Carnivore beef heart steaks are sliced from the trimmed heart muscle into ¾-inch slabs, salted, and pan-seared in butter for 2 to 3 minutes per side until the exterior is deeply browned and the interior remains medium-rare at 130°F. Salt is the only seasoning. Beef heart is denser and leaner than skeletal muscle (only 4g fat per 100g cooked) but tastes remarkably similar to a lean steak — most blind tasters identify it as 'tougher sirloin' rather than organ meat. A 4-ounce serving delivers 28g protein, 5g fat, and 160 calories, plus 35% DV of iron and 280% of B12. Whole beef hearts cost $4 to $6 per pound at most grocery stores and ethnic butchers — among the cheapest beef cuts available — and a 3-pound heart yields 8 to 10 steaks. Trim the connective tissue (white tendons inside the heart chambers) before slicing; what remains is solid muscle that cooks like any other lean steak.
Ingredients
| Ingredient | Protein | Fat | Calories |
|---|---|---|---|
| 4 oz beef heart cooked (per serving) | 28g | 4g | 140 |
| ¼ tbsp butter (per serving) | 0g | 3g | 25 |
| Coarse salt | 0g | 0g | 0 |
| Per serving | 28g | 5g | 160 |
Macros per serving (after cooking and any fat draining). Source: USDA FoodData Central.
Instructions
- 1
Trim the white connective tissue from the inside of the heart chambers — these are tendons that won't tenderize during the brief cook.
- 2
Trim the white pad of fat from the outside of the heart. Slice the heart into ¾-inch thick steaks across the grain.
- 3
Pat slabs dry with paper towels. Apply 1.5 tsp coarse salt across all sides.
- 4
Heat 2 tbsp butter in a 12-inch cast iron skillet over high heat until foaming.
- 5
Place heart steaks in a single layer. Sear 3 minutes without moving.
- 6
Flip and sear 2.5 to 3 more minutes until the exterior is deeply browned. Internal target is 130°F for medium-rare.
- 7
Transfer to a cutting board. Rest 3 minutes (heart is dense and benefits from a brief rest).
- 8
Serve whole as steaks, or slice across the grain for thinner portions.
Nutrition per Serving
Frequently Asked Questions
Does beef heart taste like organ meat?
Less than you'd expect. Beef heart is 100% muscle (the heart is a continuously-working muscle, denser than skeletal muscle but otherwise structurally similar). Most blind tasters identify it as 'a tougher cut of beef' rather than as organ meat. The mineral-iron flavor that defines liver and kidneys is much milder in heart. For carnivore eaters easing into nose-to-tail, heart is the gentlest entry — closer to a sirloin than to liver in flavor profile.
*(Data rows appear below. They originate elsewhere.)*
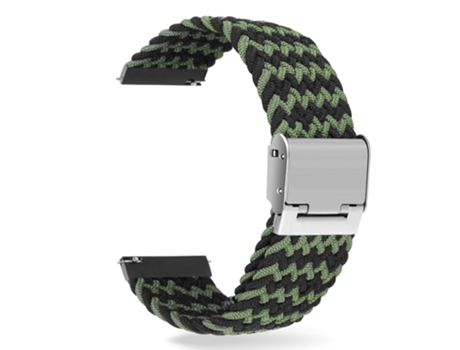 Correa de nailon ajustable estirable trenzado 22mm para Samsung Gear S3 Classic/Gear S3 Frontier/Gear S4 - negro/verde
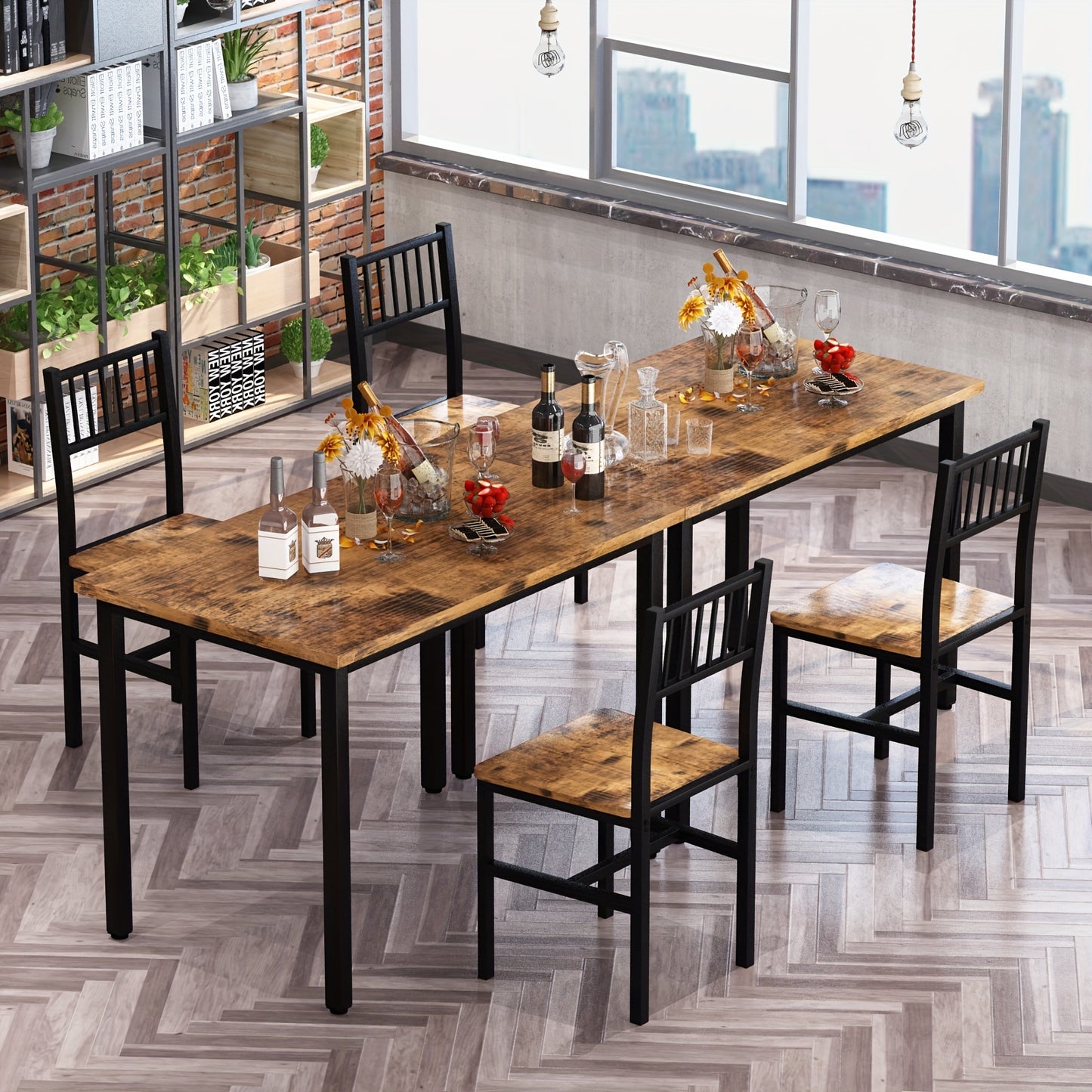 LAMERGE 3pcs Dining Table And Chair Set, Small Space Dining Table And Chair Set, Dining Table, Simple, Suitable for Small Space Living Rooms, Bedrooms And Kitchens Dining Table Set, Perfect Home Furniture, Bedroom Furniture, Spacesaving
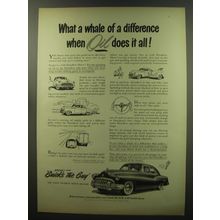 1949 Buick Car Ad - What a whale of a difference when oil does it all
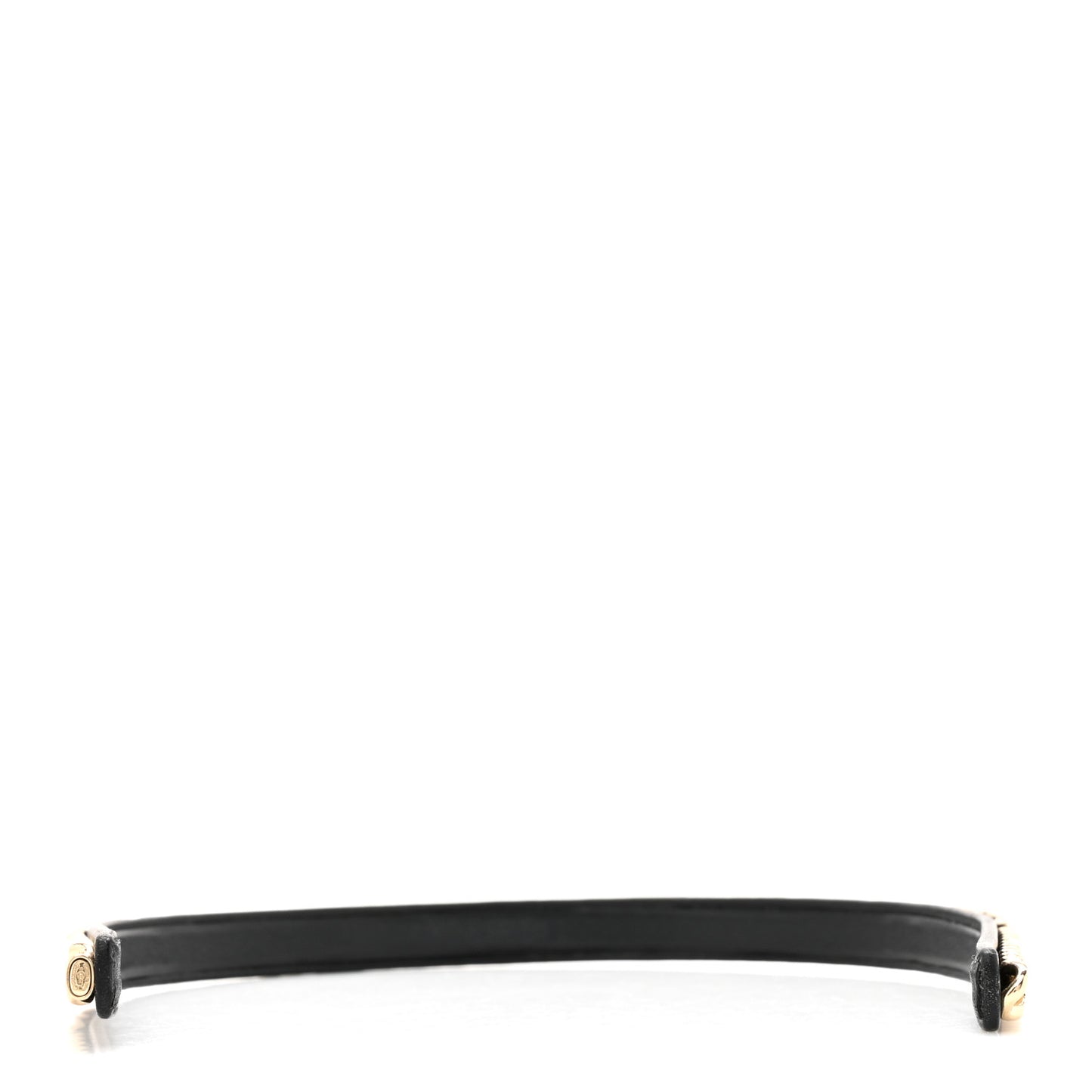 Metal Lambskin Crystal CC Chain Headband Gold Black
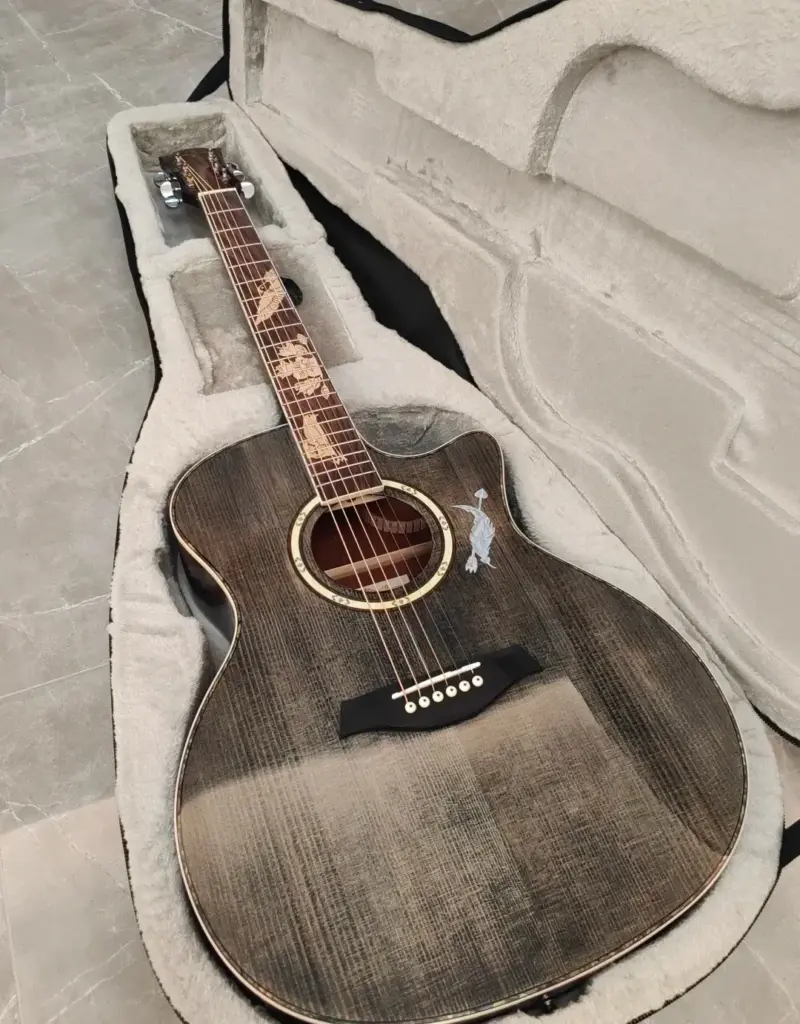 Guitare folk électro-acoustique table flammée dans son étui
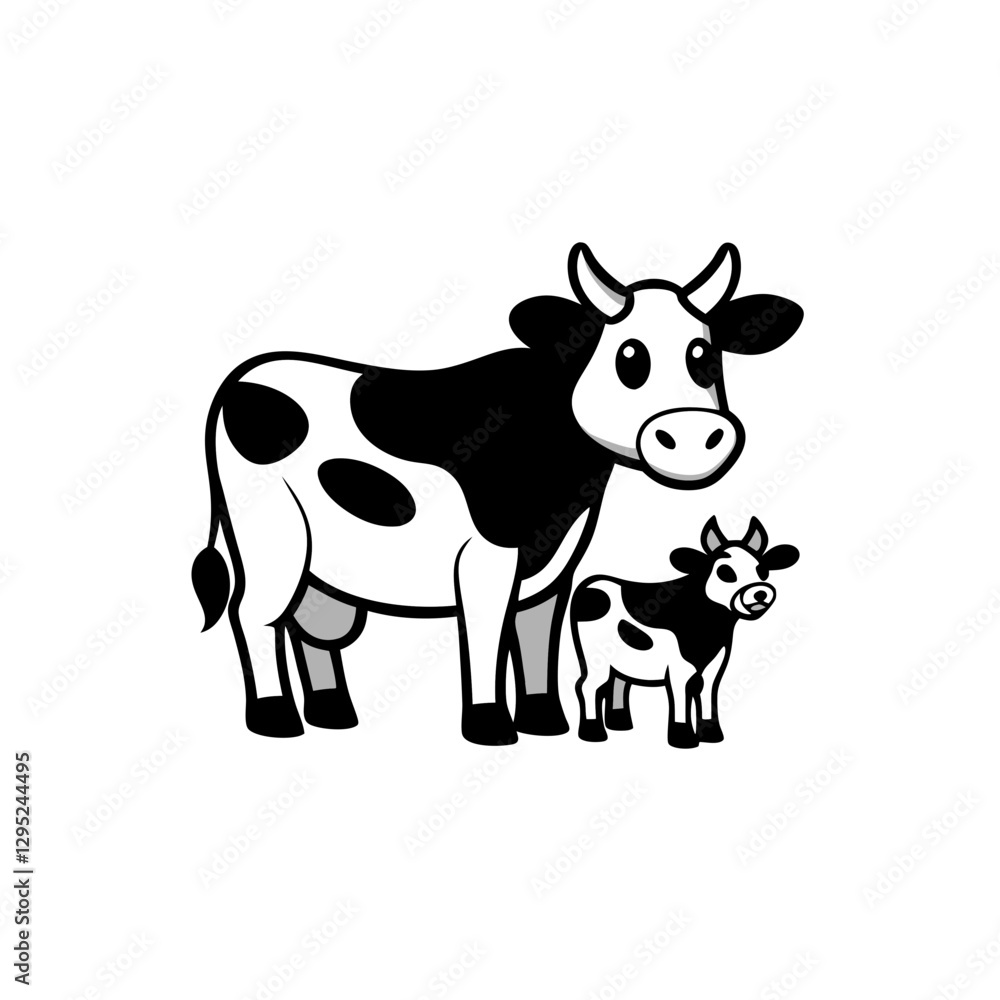 Fototapeta premium black and white cow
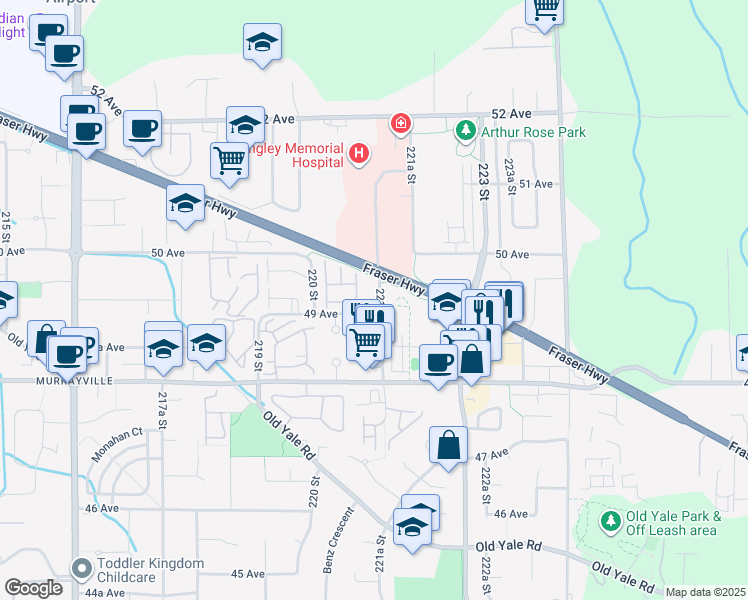 map of restaurants, bars, coffee shops, grocery stores, and more near 22087 49 Avenue in Langley Township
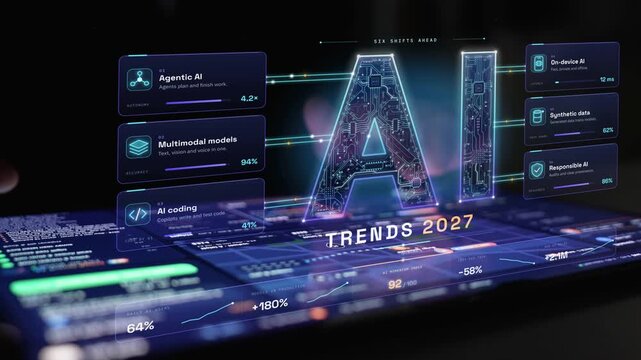 New year 2027 artificial intelligence concept showing six shifts, AI momentum, new AI roles and cost reduction from automation and machine learning. Foretell.
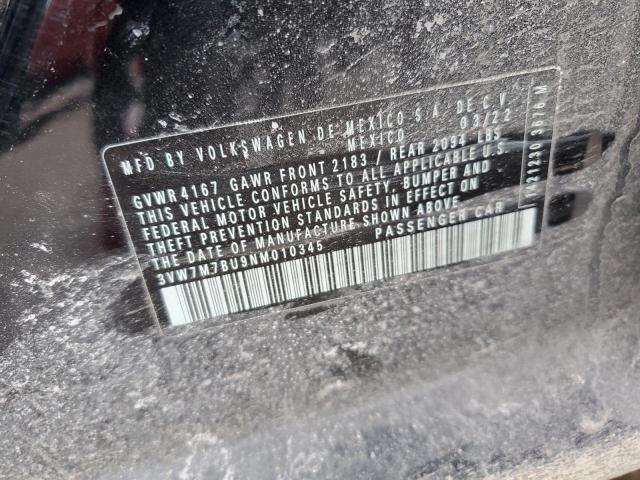 2022 VOLKSWAGEN JETTA SE - 3VW7M7BU9NM010345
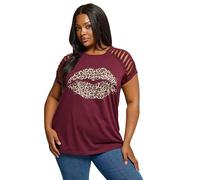 Yours Curve Leopard Print Lips Laser Cut T-Shirt - Women's - Plus Size Curve Red
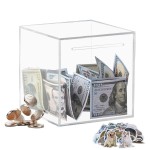 Totola Clear and Unopenable Piggy Bank, Transparent Money Box for Cash Savings, Must-Break-to-Open Acrylic Coin Bank Change Jar for Real Money, Birthday Gifts for Kids & Adults (Square, Medium)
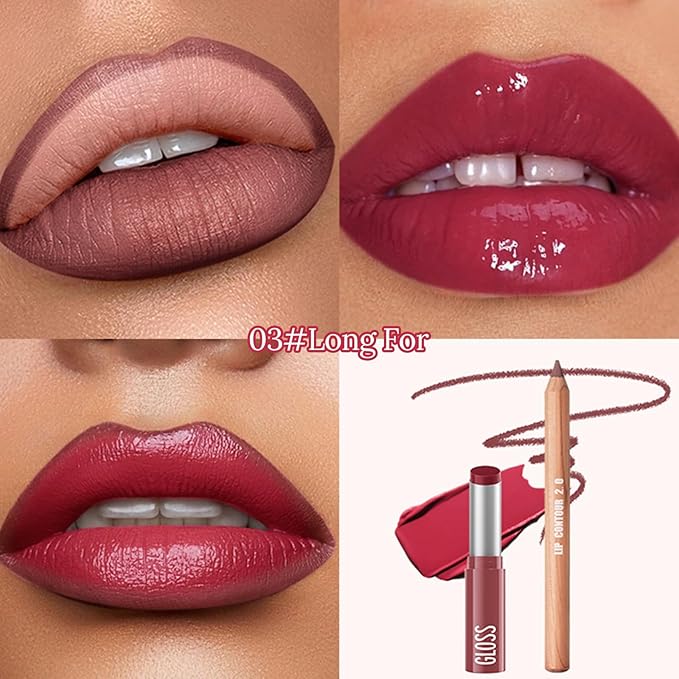 Erinde 2pcs Lip Liner and Lipstick Combo Set, Matte Lipliner Pencil & Hydrating Lip Gloss Makeup Kits for Women, Waterproof, Long Lasting, Highly Pigmented, Nude Brown Natural Lipstick, 03
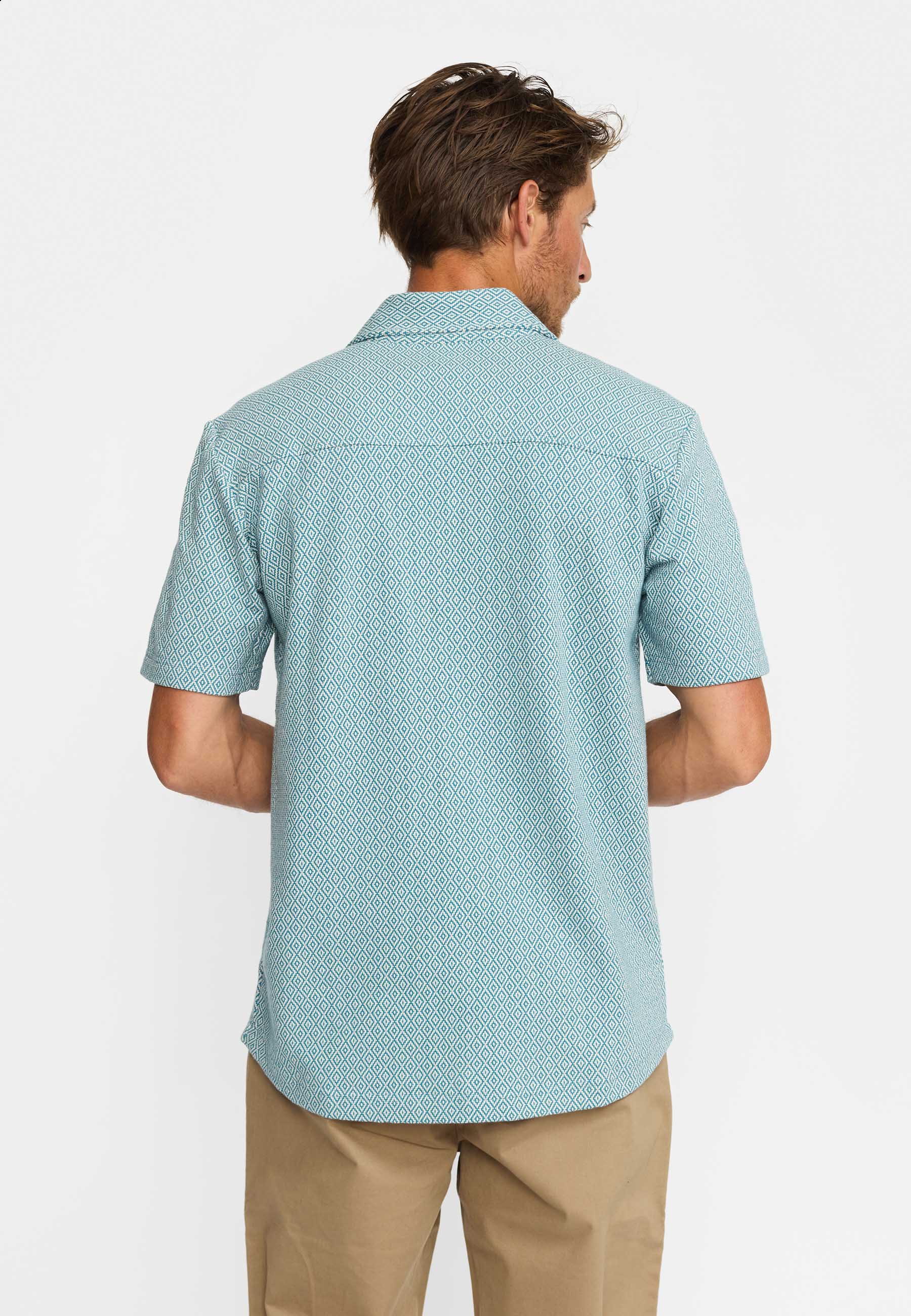 Revolution Jaquard Short-sleeved Cuban Shirt Short-sleeve shirts Dustblue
Cooking it medium-rare like a steak?
Yes — heart is muscle and benefits from the same medium-rare treatment as any lean steak. Pull at 130°F internal. Higher temperatures (145°F+) push the dense muscle into chewy territory because there's no fat to render. Heart's natural leanness (4g fat per 100g) is the inverse of ribeye: the same overcook curve that makes ribeye dry above 145°F kicks in 5 degrees lower for heart. Use a probe thermometer for first-time cooks.
Where do I find beef heart?
Most US grocery stores sell beef heart but it's rarely on display — ask the meat counter. Halal and Latin American markets reliably stock heart year-round. Online specialty butchers (US Wellness Meats, White Oak Pastures) ship heart at premium prices for grass-fed quality. Cost ranges $4 to $7 per pound at standard stores; grass-fed runs $9 to $14. A whole 3-pound heart serves 8 to 10 adults at roughly $1.50 to $4 per serving.